After a traumatic C-section, journalist takes on the medicalization of birth
When journalist and professor Rachel Somerstein had an emergency C-section with her first child, the anesthesia didn't work. She says she could literally feel the operation as it was happening. Later, after her daughter was born, Somerstein remembers a practitioner blaming her for the ordeal.
"[They] came to my room and told me that my body hadn't processed the anesthesia correctly, that there was something wrong with me," Somerstein says.
Somerstein considered suing the hospital, but since neither she nor her daughter suffered long-term consequences, she was told she didnt have a case. So instead of pouring her energy into a lawsuit, she decided to write a book. In Invisible Labor: The Untold Story of the Cesarean Section, she writes about her own experience with childbirth, as well as the broader history of C-sections.
Somerstein notes that the earliest C-sections were performed on women who died in labor or who were expected to die in labor. The intention was to give the baby a chance to live long enough to be baptized by the Catholic priest.
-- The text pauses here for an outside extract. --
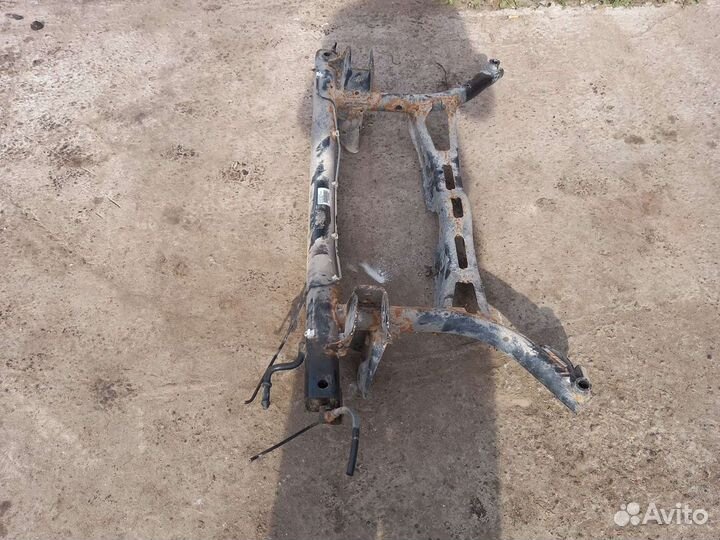 Шкода ети задний подрамник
It wasn't until the late 1700s or early 1800s that the procedure was seen as a way to potentially save the mother's life.
"One thing that's so interesting about this history, to me, is that it shows that the forces promoting C-sections have always had something to do with an external pressure," she says.
https://www.npr.org/2024/05/28/nx-s1-4977627/rachel-somerstein-invisible-labor-c-section
It's true that C-sections are sometimes necessary, but in the US they are performed far more often than in the rest of the world, probably because of the doctor's fear of litigation. When I was in neonatal/L&D, we used to say, "Failure to progress is whatever your doctor says it is, " and "Inductions are a major cause of C-sections".